— Directions —
All the lines below need to be transcribed exactly. Pictures get left out.
::: Dataset extract
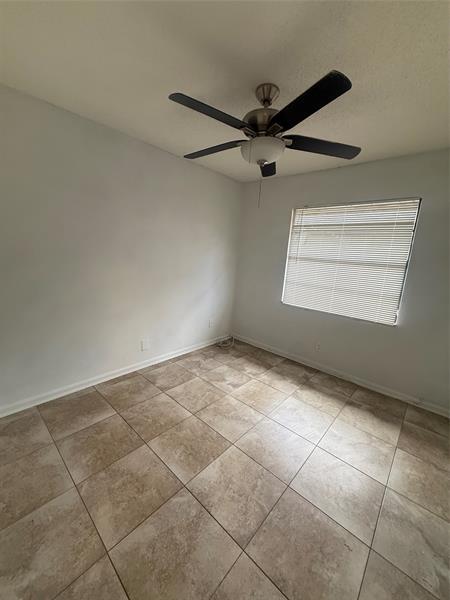 Foto del edificio - 7427 SW 13th St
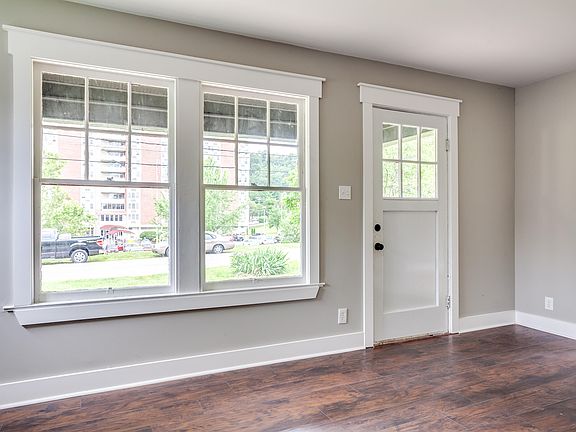 4th image of 2510 Montclair Ave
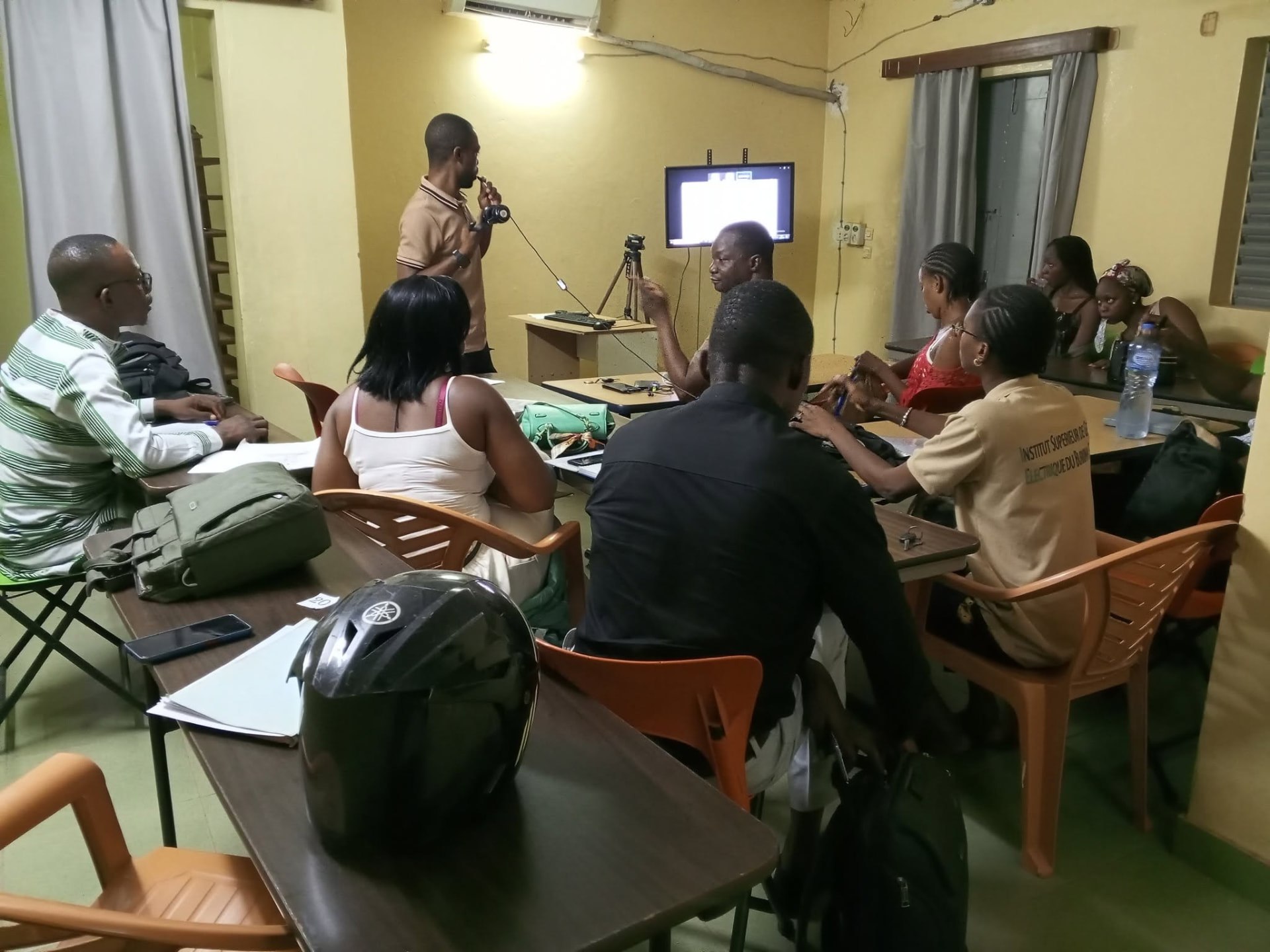 Cours du soir avec écran et micro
::::::
— The completed task —
 Foto del edificio - 7427 SW 13th St
 4th image of 2510 Montclair Ave
 Cours du soir avec écran et micro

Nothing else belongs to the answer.